### ASSIGNED TASK
Look below for the line that contains "Land for sale", then copy it and each following line to the end of the records, minus any pictures.

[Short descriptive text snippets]
:::

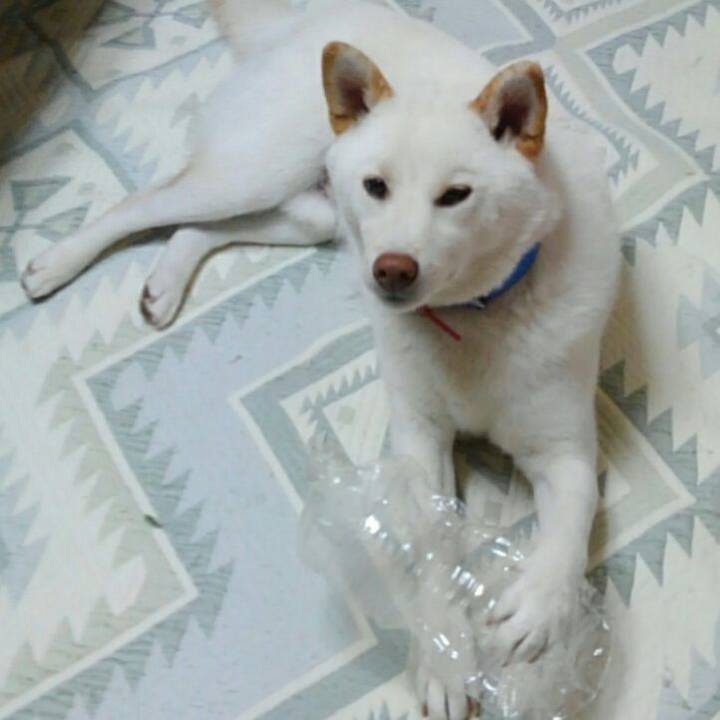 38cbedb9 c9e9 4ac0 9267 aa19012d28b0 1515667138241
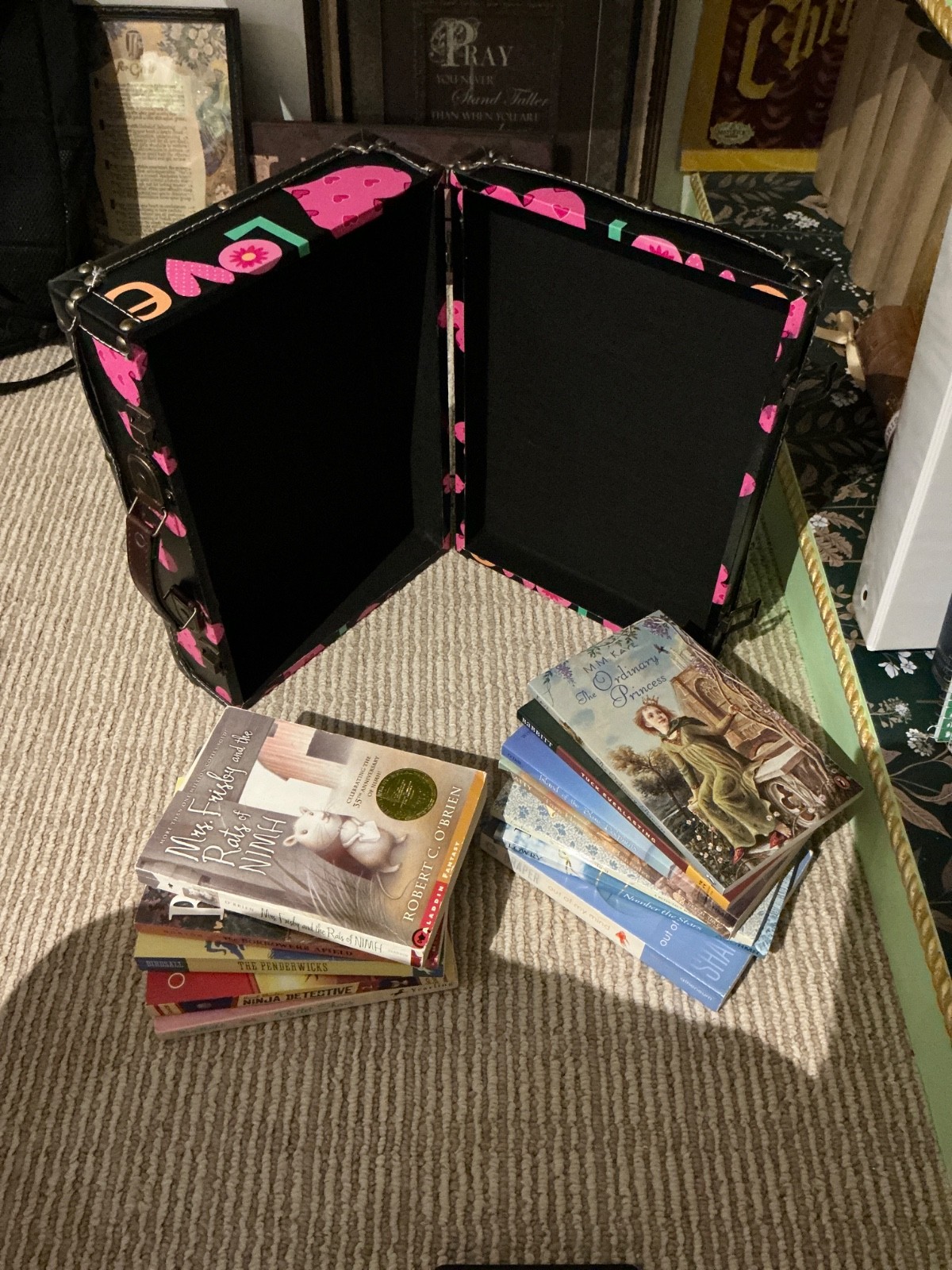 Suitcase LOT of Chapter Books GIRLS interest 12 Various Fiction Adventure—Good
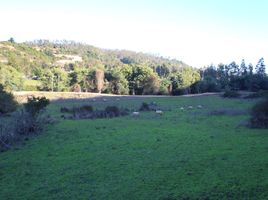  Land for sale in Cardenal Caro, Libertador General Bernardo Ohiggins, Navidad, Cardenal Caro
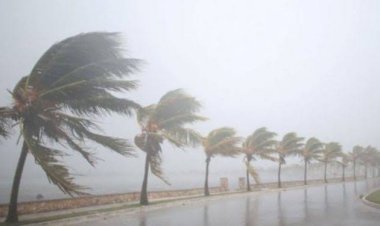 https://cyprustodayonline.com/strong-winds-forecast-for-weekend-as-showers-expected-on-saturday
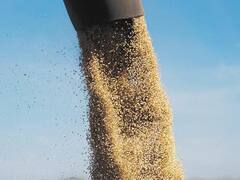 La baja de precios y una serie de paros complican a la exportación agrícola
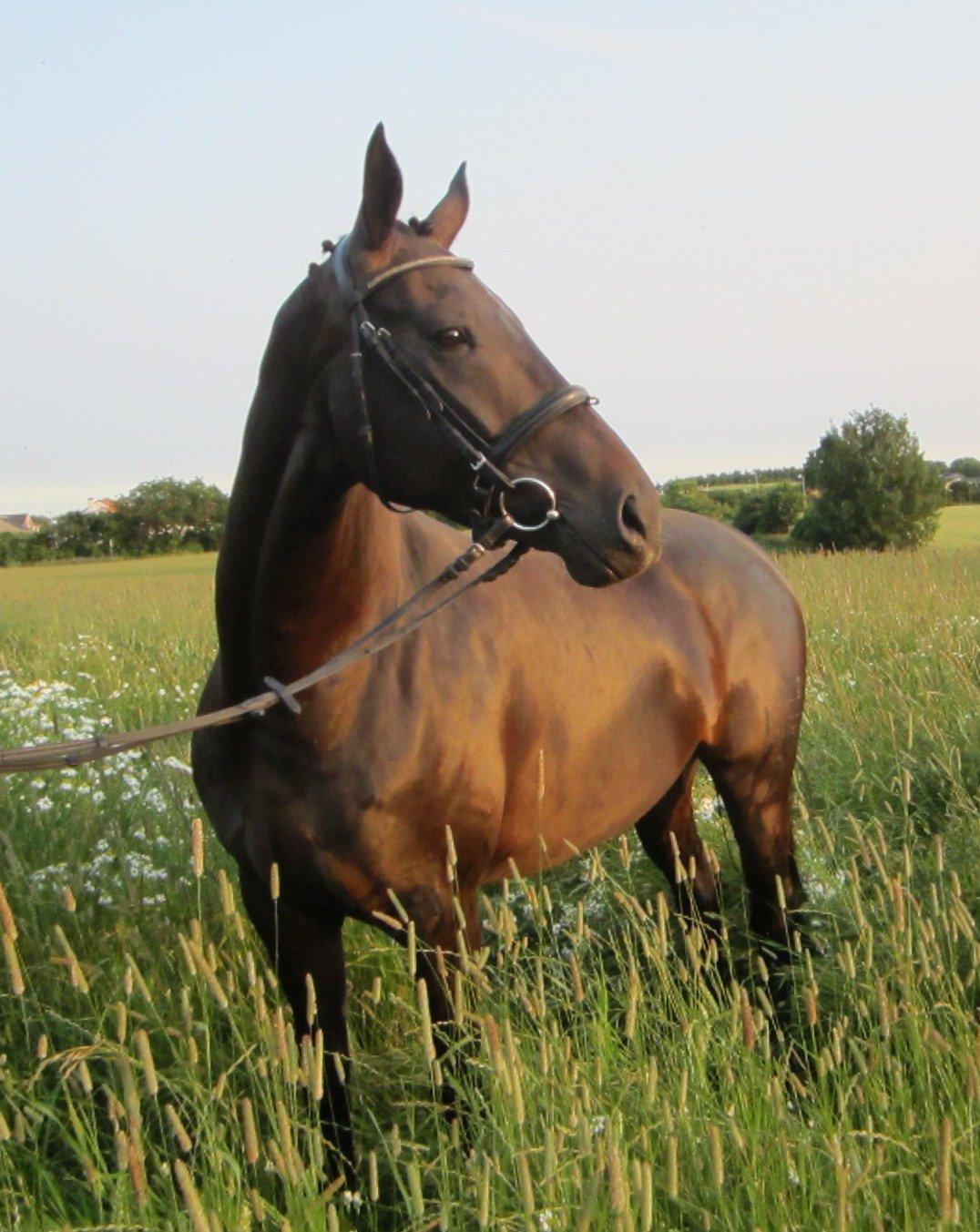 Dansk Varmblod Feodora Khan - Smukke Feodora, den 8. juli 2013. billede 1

:::

### RESULT OF THIS EXERCISE
  Land for sale in Cardenal Caro, Libertador General Bernardo Ohiggins, Navidad, Cardenal Caro
 https://cyprustodayonline.com/strong-winds-forecast-for-weekend-as-showers-expected-on-saturday
 La baja de precios y una serie de paros complican a la exportación agrícola
 Dansk Varmblod Feodora Khan - Smukke Feodora, den 8. juli 2013. billede 1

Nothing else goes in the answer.